Five more shots I expended on the amusement of that rhinoceros;
and at the last had run furiously charging back and forth in a
twenty-yard space, very angry at the little puffing, screeching
bullets, but quite unable to catch one. Then he made up his mind
and departed the way he had come, finally disappearing as a
little rapidly moving black speck through the gap in the hills
where we had first caught sight of him.

We finished caring for the oryx, and returned to camp. To our
surprise we found we were at least seven or eight miles out.

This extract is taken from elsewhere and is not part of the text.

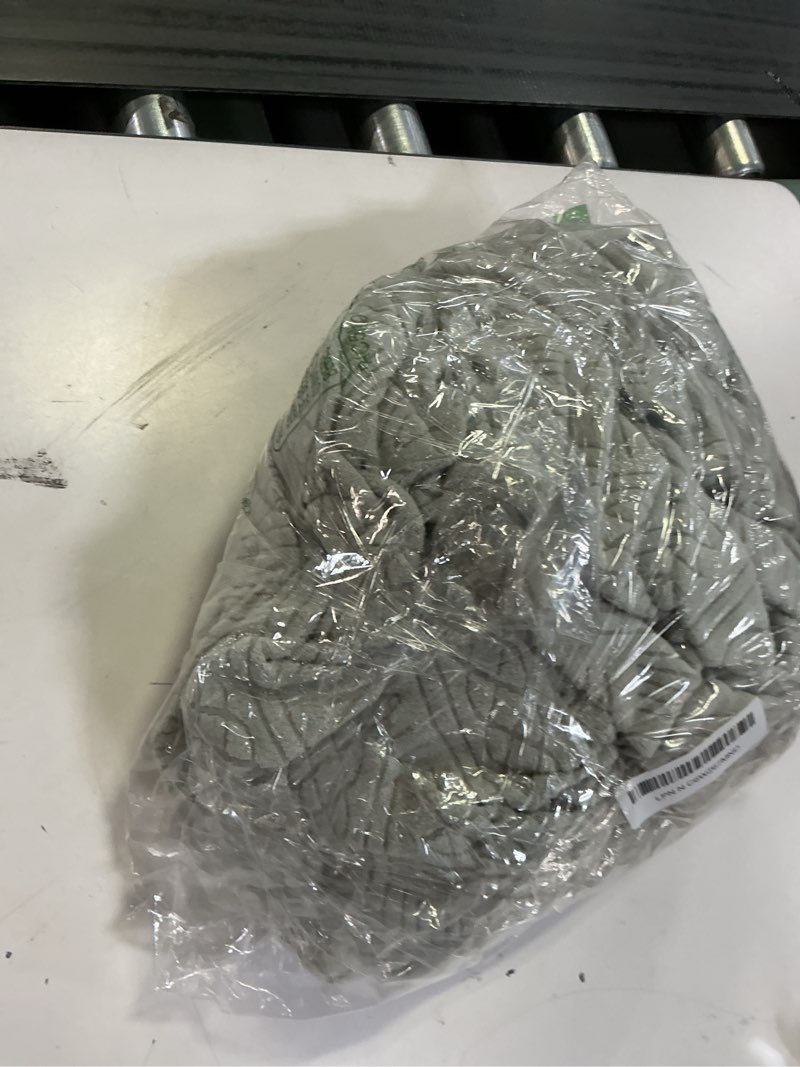 https://lotting-media.assets.bidfta.com/lotting_585b43cb-f4ed-43da-b389-05c8cf70ac3e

In this fashion days passed very quickly. The early dewy start in
the cool of the morning, the gradual grateful warming up of
sunrise, and immediately after, the rest during the midday heats
under a shady tree, the long trek back to camp at sunset, the hot
bath after the toilsome day-all these were very pleasant. Then
the swift falling night, and the gleam of many tiny fires
springing up out of the darkness; with each its sticks full of
meat roasting, and its little circle of men, their skins gleaming
in the light. As we sat smoking, we would become aware that
M'ganga, the headman, was standing silent awaiting orders. Some
one would happen to see the white of his eyes, or perhaps he
might smile so that his teeth would become visible. Otherwise he
might stand there an hour, and no one the wiser, for he was
respectfully silent, and exactly the colour of the night.

We would indicate to him our plans for the morrow, and he would
disappear. Then at a distance of twenty or thirty feet from the
front of our tents a tiny tongue of flame would lick up. Dark
figures could be seen manipulating wood. A blazing fire sprang
up, against which we could see the motionless and picturesque
figure of Saa-sita (Six o'Clock), the askari of the first night
watch, leaning on his musket. He was a most picturesque figure,
for his fancy ran to original headdresses, and at the moment he
affected a wonderful upstanding structure made of marabout wings.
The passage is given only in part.